A Standard Fire Insurance Policy provides:

In case the insured and this company shall fail to agree as to the actual cash value or the amount of loss, then, on the written demand of either, each shall select a competent and disinterested appraiser and notify the other of the appraiser selected within 20 days of such demand. The appraisers shall first select a competent and disinterested umpire; and failing for 15 days to agree upon such umpire, then, on request of the insured or this company, such umpire shall be selected by a judge of a court of record in the state in which the property covered is located. The appraisers shall then appraise the loss, stating separately actual cash value and loss to each item; and failing to agree, shall submit their differences, only, to the umpire. An award in writing, so itemized, of any two when filed with this company shall determine the amount of actual cash value and loss. Each appraiser shall be paid by the party selecting him and the expenses of and umpire shall be paid by the parties equally.

Lawyers don’t like appraisals because they can limit the amount of loss and are usually decided by a panel of appraisers who are not trained in the law. They will try to avoid appraisal by arguing waiver or some other action by the insurer. Texas insureds, like those in every state in the United States, acquire property insurance policies with an appraisal clause almost identical to the provision in the 19th Century New York Standard Fire Policy. The Texas Court of Appeal was called upon to resolve a dispute over the right to appraisal in a case called In Re Certain Underwriters At Lloyd’s, No. 10-11-00263-CV (Tex.App. Dist.10 10/12/2011) after a hurricane damaged plaintiffs’ property.

Factual Background

The case involves an insurance claim made by the Andersons with regard to their house located in New Waverly, Texas, which was damaged as a result of Hurricane Ike on September 13, 2008. The Andersons alleged that the roof of their house sustained extensive damage and that water damaged the ceilings, walls, insulation, and flooring of the house. The Andersons further alleged that, immediately after the storm, they filed a claim with Lloyd’s, their insurance company. Thereafter, Lloyd’s sent an adjustor to the Andersons’ home to inspect the damage. The Andersons note that the adjustor only spent ten to fifteen minutes at the house and did not get on the roof.

Upset by what they perceived as an inadequate inspection, the Andersons called Lloyd’s and requested that a different adjuster inspect the property. The Andersons’ property was re-inspected, and the second adjustor’s inspection resulted in the insurer’s conclusion that the extent of the damage to the property did not exceed the $750 deductible associated with the homeowner’s policy covering the house.

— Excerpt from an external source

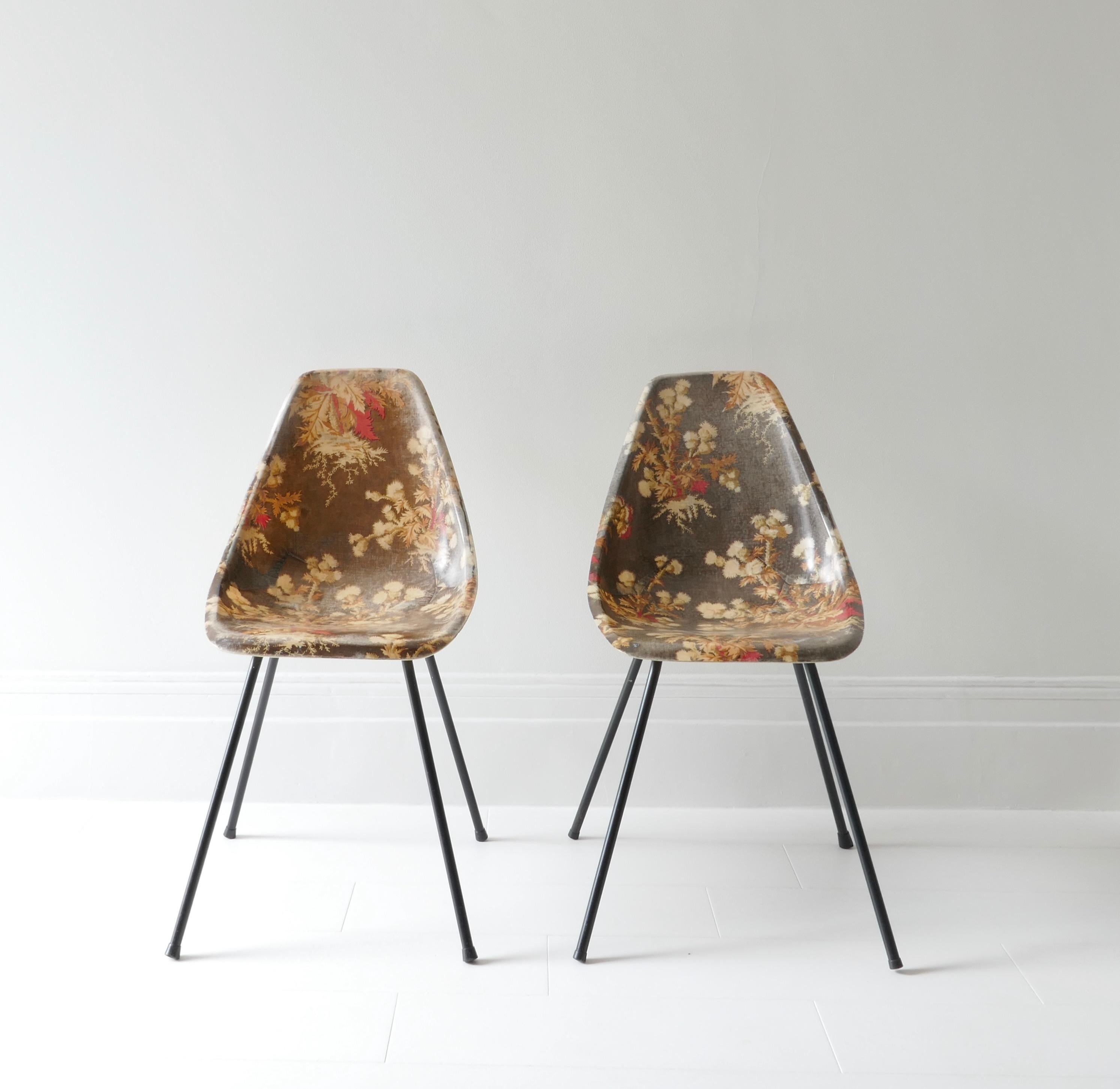 Mid-Century Modern Pair of Fibreglass Side Chairs by Rene Jean Caillette, France 1950s For Sale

Lloyd’s denied the claim and in a letter dated December 5, 2008, Lloyd’s told the Andersons: “If you disagree with or have a question about the enclosed property damage estimate, please call Quality Claims Service. Should you have any questions concerning the above, or if you have any additional information that would help Certain Underwriters at Lloyd’s re-evaluate your claim, please do not hesitate to call.”

In response to Lloyd’s’s December 5, 2008 letter, the Andersons repeatedly called to complain about the adjuster’s poor investigation of their damages and their disagreement with Lloyd’s’ estimate of the claim and eventually filed suit.

The Litigation

In their lawsuit, which was filed on August 25, 2010, the Andersons asserted causes of action against Lloyd’s for: (1) violations of the insurance code, including unfair settlement practices and the failure to promptly pay claims; (2) fraud; (3) conspiracy to commit fraud; (4) breach of contract; and (5) breach of the duty of good faith and fair dealing. In their original answer and in a separate motion to compel, Lloyd’s requested that the proceedings be abated and that the matter be sent to appraisal, as allowed by the underlying homeowner’s insurance policy.

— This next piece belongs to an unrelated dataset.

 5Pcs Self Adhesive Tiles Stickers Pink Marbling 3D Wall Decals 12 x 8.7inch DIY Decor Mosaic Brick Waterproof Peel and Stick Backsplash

On November 8, 2010, the trial court denied Lloyd’s’s appraisal request.

The Request for a Writ of Mandate

Lloyd’s asked the Court of Appeal to issue a writ of mandate compelling that the appraisal go forward. Accompanying its mandamus petition was an emergency motion to stay the trial court proceedings. Upon receiving the filings, the Court of Appeal granted Lloyd’s’ emergency motion to stay the trial court proceedings and requested a response. The Andersons filed a response to Lloyd’s’ petition on September 2, 2011.

Today, mandamus review of significant rulings in exceptional cases may be essential to preserve important substantive and procedural rights from impairment or loss, allow the appellate courts to give needed and helpful direction to the law that would otherwise prove elusive in appeals from final judgments. Mandamus can spare private parties and the public the time and money utterly wasted in unnecessary litigation.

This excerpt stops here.